The completion of the Human Genome Project in 2000 was heralded by its leaders as a landmark event not just for biology, but for the practice of medicine as well. But 14 years later, few applications of genomics have made their way from the laboratory to the clinic. In a story for Reuters, reporter Julie Steenhuysen takes a look at some early signs that the promise of genomic medicine may finally be realized -- for a few diseases, at least. While science entrepreneur Craig Venter grabs headlines with his new Human Longevity company, Steenhuysen also credits ground-breaking work on the CI's Beagle supercomputer for breaking down some of the data and computational obstacles that have slowed the use of genomics in the clinic.
Among the researchers featured in the story is Elizabeth McNally, director of the Cardiovascular Genetics Clinic at the University of Chicago Medicine. Through sequencing 60 to 70 genes from patients with a family history of cardiovascular conditions, McNally is able to make more specific diagnoses and change patient treatment plans with a specificity that would not have been possible before clinical genetic methods.
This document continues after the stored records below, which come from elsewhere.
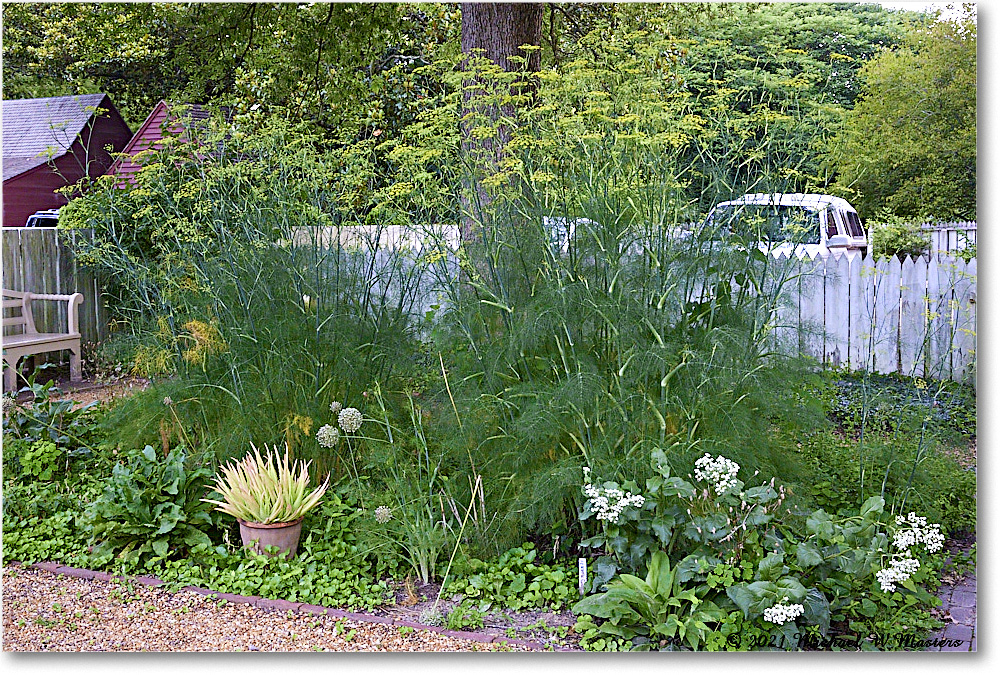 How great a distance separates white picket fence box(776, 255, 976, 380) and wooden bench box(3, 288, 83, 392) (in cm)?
389

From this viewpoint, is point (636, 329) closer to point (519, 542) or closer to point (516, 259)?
point (516, 259)

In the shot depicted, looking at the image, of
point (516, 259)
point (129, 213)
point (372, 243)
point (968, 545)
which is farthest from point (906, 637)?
point (129, 213)

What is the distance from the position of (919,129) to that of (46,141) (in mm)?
4258

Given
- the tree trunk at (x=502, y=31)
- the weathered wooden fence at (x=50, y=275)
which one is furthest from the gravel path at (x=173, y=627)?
the weathered wooden fence at (x=50, y=275)

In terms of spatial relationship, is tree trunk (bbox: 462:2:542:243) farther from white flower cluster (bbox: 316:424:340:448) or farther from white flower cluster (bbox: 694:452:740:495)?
white flower cluster (bbox: 694:452:740:495)

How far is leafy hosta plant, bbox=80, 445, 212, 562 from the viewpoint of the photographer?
9.40 feet

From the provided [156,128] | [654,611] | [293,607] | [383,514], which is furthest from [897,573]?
[156,128]

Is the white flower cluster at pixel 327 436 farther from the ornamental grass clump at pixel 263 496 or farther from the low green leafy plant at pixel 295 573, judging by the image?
the low green leafy plant at pixel 295 573

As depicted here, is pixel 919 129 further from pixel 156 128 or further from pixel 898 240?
pixel 156 128

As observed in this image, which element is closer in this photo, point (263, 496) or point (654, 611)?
point (654, 611)

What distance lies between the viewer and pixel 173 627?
2490mm

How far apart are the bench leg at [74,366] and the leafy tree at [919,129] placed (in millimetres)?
4098

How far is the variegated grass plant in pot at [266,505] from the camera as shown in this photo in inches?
108

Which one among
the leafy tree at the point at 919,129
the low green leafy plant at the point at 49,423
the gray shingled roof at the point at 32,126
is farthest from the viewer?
the gray shingled roof at the point at 32,126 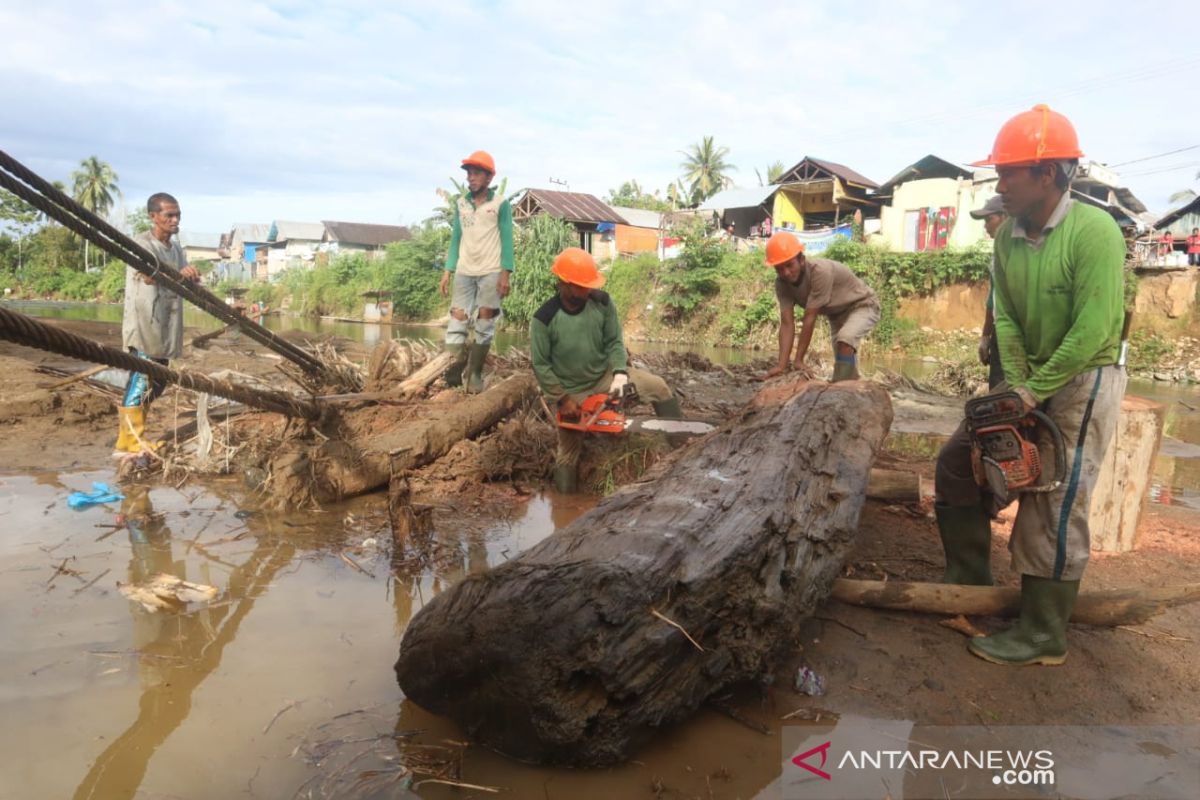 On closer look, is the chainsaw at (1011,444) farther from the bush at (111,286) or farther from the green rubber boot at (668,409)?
the bush at (111,286)

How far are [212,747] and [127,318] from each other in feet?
13.6

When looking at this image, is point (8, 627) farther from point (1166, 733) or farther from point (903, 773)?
point (1166, 733)

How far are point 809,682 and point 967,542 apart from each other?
1163mm

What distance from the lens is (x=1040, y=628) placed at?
2.79 metres

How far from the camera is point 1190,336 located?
19109 mm

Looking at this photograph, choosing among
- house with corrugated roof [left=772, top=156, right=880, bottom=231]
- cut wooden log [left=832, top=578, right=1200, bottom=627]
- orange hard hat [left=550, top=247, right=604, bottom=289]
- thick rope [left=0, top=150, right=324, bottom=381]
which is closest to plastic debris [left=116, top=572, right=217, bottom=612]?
thick rope [left=0, top=150, right=324, bottom=381]

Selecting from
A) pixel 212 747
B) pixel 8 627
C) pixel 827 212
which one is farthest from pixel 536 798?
pixel 827 212

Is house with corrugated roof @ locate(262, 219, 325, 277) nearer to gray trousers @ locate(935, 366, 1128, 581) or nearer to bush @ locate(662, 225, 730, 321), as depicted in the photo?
bush @ locate(662, 225, 730, 321)

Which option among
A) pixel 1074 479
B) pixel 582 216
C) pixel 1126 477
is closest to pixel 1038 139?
pixel 1074 479

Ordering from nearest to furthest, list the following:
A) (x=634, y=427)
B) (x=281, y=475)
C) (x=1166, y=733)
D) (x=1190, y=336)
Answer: (x=1166, y=733)
(x=281, y=475)
(x=634, y=427)
(x=1190, y=336)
But the future is even more exciting, as McNally's group works with Lorenzo Pesce and the Beagle team to streamline the sequencing of whole genomes instead of just a handful of representatives, loosening one of the key bottlenecks that have choked clinical applications.
Although McNally uses panels of 70 to 80 genes in her clinic, she has started experimenting with whole genomes. With the reduced cost of gene mapping, whole gene sequencing is a potentially cheaper, more powerful tool.
The reduced cost of mapping is cutting the cost of research, too -- another factor that could speed clinical outcomes. McNally's team recently published a paper in the journal Bioinformatics in which she used Beagle, a supercomputer housed at Argonne National Laboratory, to analyze 240 full genomes in about two days. Such an endeavor normally takes months.
"That dramatically decreases the cost associated with analysis because we sped up the time," said McNally.